1. Whitebox frameworks rely heavily on OO language features like inheritance and dynamic binding to achieve extensibilty. Existing functionality is reused and extended by (1) inheriting from framework base classes and (2) overriding pre-defined hook methods using patterns like Template Method. Whitebox frameworks require application developers to have intimate knowledge of the frameworks' internal structure. Although whitebox frameworks are widely used, they tend to produce systems that are tightly coupled to the specific details of the framework's inheritance hierarchies.

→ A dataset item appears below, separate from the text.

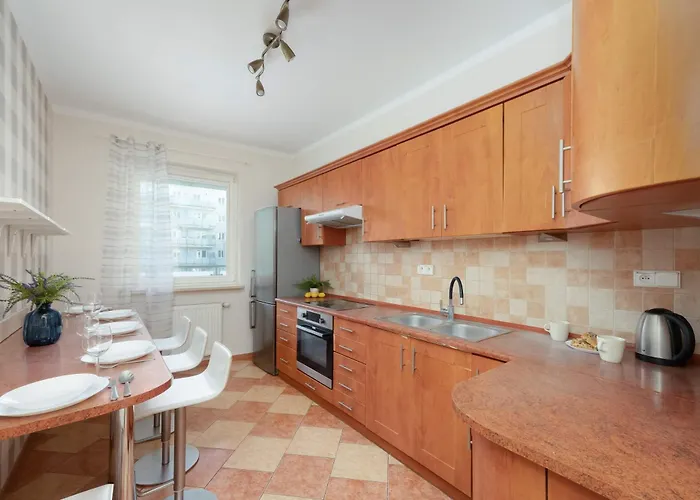 Family With Balcony And Remote Work In By Renters Διαμέρισμα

2. Blackbox frameworks support extensibility by defining interfaces for components that can be plugged into the framework via object composition. Existing functionality is reused by (1) defining components that conform to a particular interface and (2) integrating these components into the framework using patterns like Strategy and Functor. Blackbox frameworks are structured using object composition and delegation more than inheritance. As a result, blackbox frameworks are generally easier to use and extend than whitebox frameworks. However, blackbox frameworks are more difficult to develop since they require framework developers to define interfaces and hooks that anticipate a wider range of potential use-cases.

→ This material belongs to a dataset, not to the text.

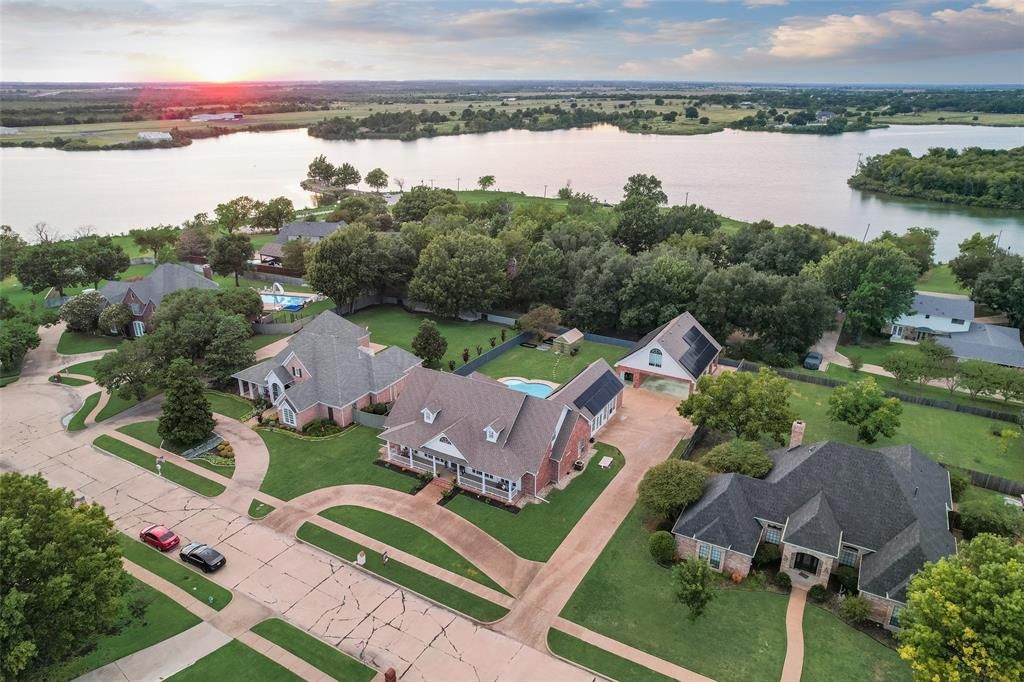 2100 Lakeridge Circle, Ennis, TX 75119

Object-Oriented (OO) Application Frameworks

Object-oriented (OO) application frameworks are a promising technology for reifying proven software designs and implementations in order to reduce the cost and improve the quality of software. An OO application framework is a reusable, ``semi-complete'' application that can be specialized to produce custom applications. In contrast to earlier OO reuse techniques based on class libraries, frameworks are targeted for particular business units (such as data processing or cellular communications) and application domains (such as user interfaces or persistance).

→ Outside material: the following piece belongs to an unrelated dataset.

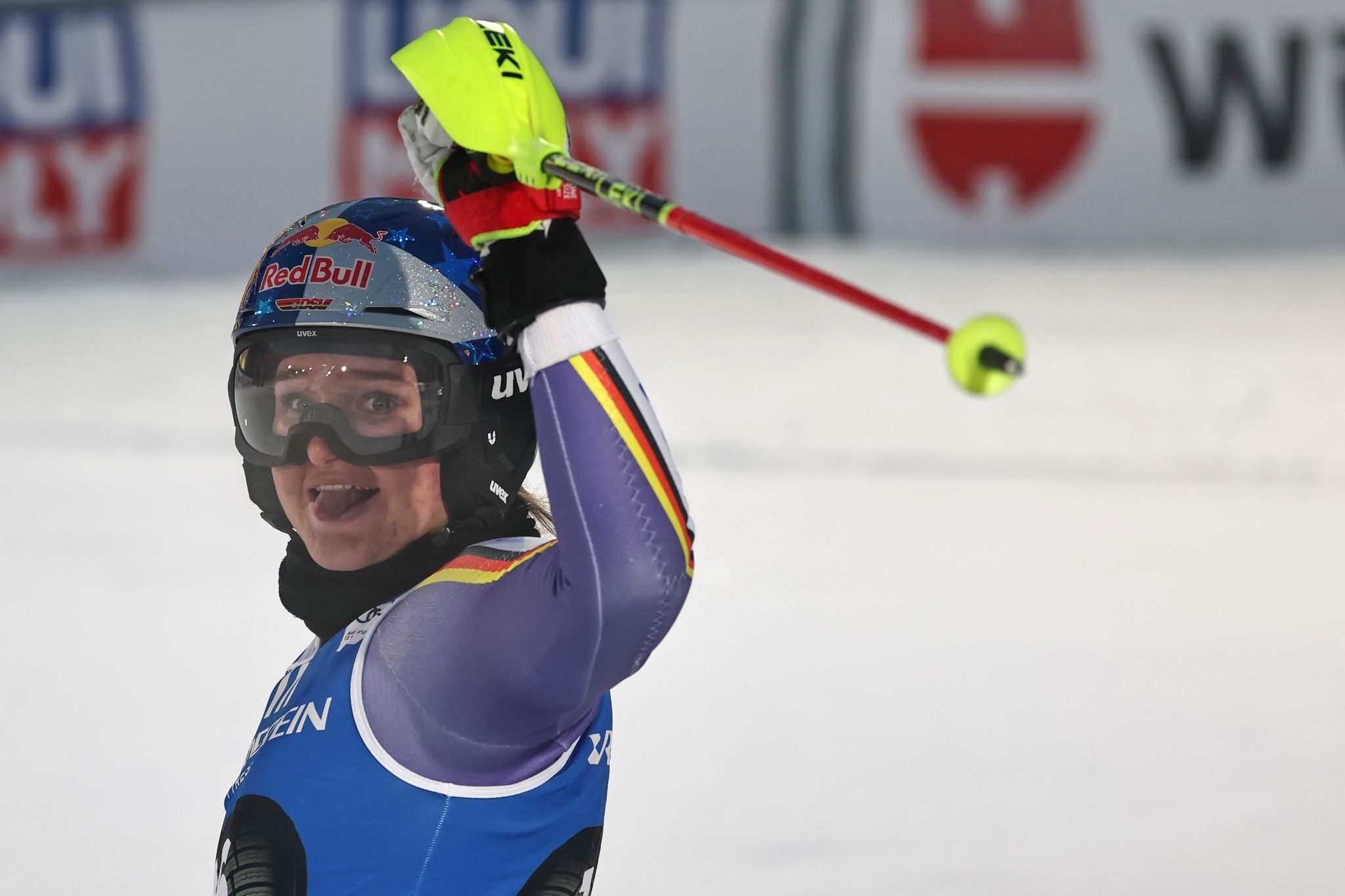 Deutsche Skirennfahrerin Emma Aicher auf dem Podest in Levi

The primary benefits of OO application frameworks stem from the modularity, reusability, extensibility, and inversion of control they provide to developers, as described below:

Modularity - Frameworks enhance modularity by encapsulating volatile implementation details behind stable interfaces. Framework modularity helps improve software quality by localizing the impact of design and implementation changes. This localization reduces the effort required to understand and maintain existing software.

Reusability - The stable interfaces provided by frameworks enhance reusability by defining generic components that can be reapplied to create new applications. Framework reusability leverages the domain knowledge and prior effort of experienced developers in order to avoid re-creating and re-validating common solutions to recurring application requirements and software design challenges. Reuse of framework components can yield substantial improvements in programmer productivity, as well as enhance the quality, performance, reliability and interoperability of software.

Extensibility - A framework enhances extensibility by providing explicit hook methods that allow applications to extend its stable interfaces. Hook methods systematically decouple the stable interfaces and behaviors of an application domain from the variations required by instantiations of an application in a particular context. Framework extensibility is essential to ensure timely customization of new application services and features.

Inversion of control - The run-time architecture of a framework is characterized by an ``inversion of control.'' This architecture enables canonical application processing steps to be customized by event handler objects that are invoked via the framework's reactive dispatching mechanism. When events occur, the framework's dispatcher reacts by invoking hook methods on pre-registered handler objects, which perform application-specific processing on the events. Inversion of control allows the framework (rather than each application) to determine which set of application-specific methods to invoke in response to external events (such as window messages arriving from end-users or packets arriving on communication ports).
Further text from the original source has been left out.